● PROBLEM STATEMENT:
The result should be a full, exact repeat of the entries, free of pictures.
── RECORDS SHOWN
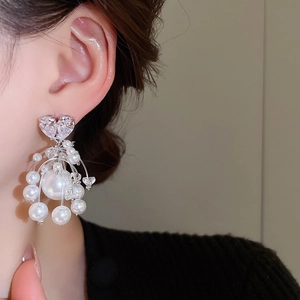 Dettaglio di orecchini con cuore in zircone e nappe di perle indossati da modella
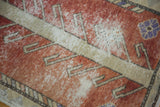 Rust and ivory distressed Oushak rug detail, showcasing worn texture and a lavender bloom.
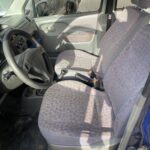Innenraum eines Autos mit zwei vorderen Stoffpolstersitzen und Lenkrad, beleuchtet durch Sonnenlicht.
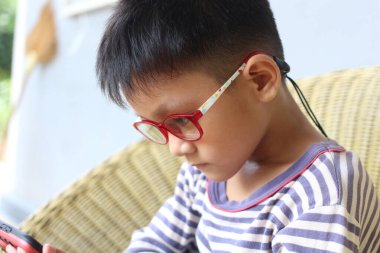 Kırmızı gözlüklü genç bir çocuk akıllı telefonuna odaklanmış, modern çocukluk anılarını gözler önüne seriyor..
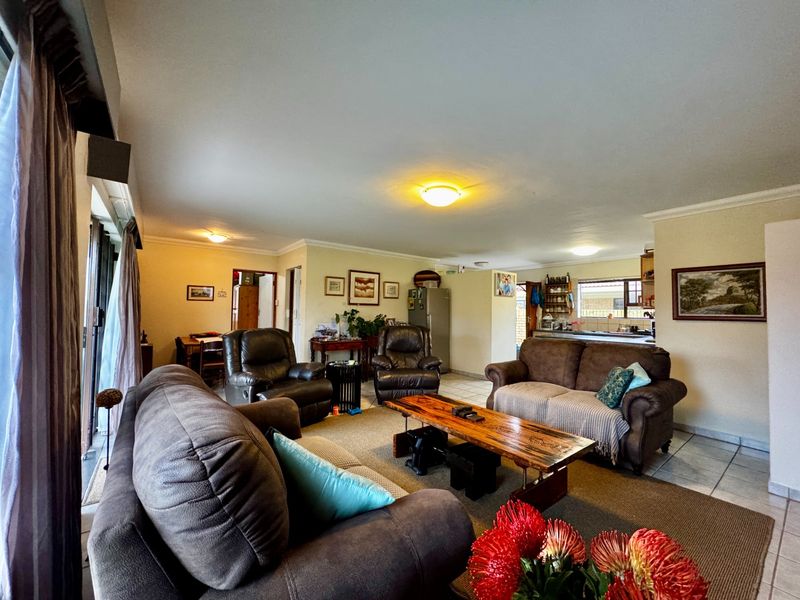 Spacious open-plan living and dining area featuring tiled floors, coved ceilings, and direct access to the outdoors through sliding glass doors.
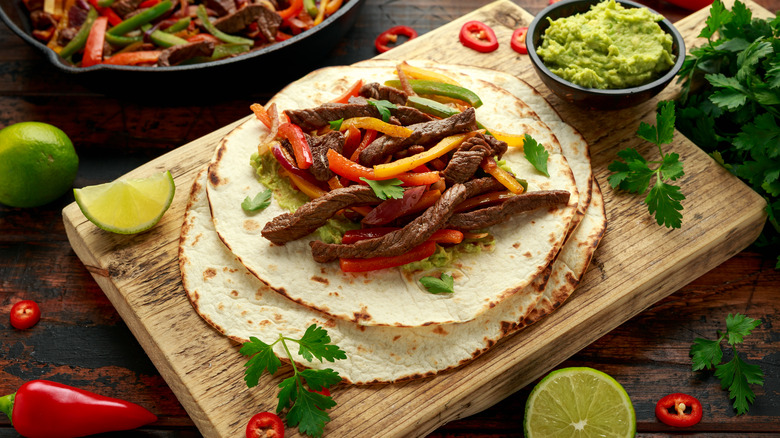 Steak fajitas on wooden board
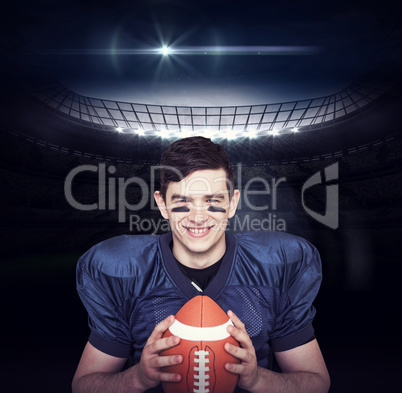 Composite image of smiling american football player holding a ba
────
● SOLUTION TO THIS EXERCISE:
 Dettaglio di orecchini con cuore in zircone e nappe di perle indossati da modella
 Rust and ivory distressed Oushak rug detail, showcasing worn texture and a lavender bloom.
Innenraum eines Autos mit zwei vorderen Stoffpolstersitzen und Lenkrad, beleuchtet durch Sonnenlicht.
 Kırmızı gözlüklü genç bir çocuk akıllı telefonuna odaklanmış, modern çocukluk anılarını gözler önüne seriyor..
 Spacious open-plan living and dining area featuring tiled floors, coved ceilings, and direct access to the outdoors through sliding glass doors.
 Steak fajitas on wooden board
 Composite image of smiling american football player holding a ba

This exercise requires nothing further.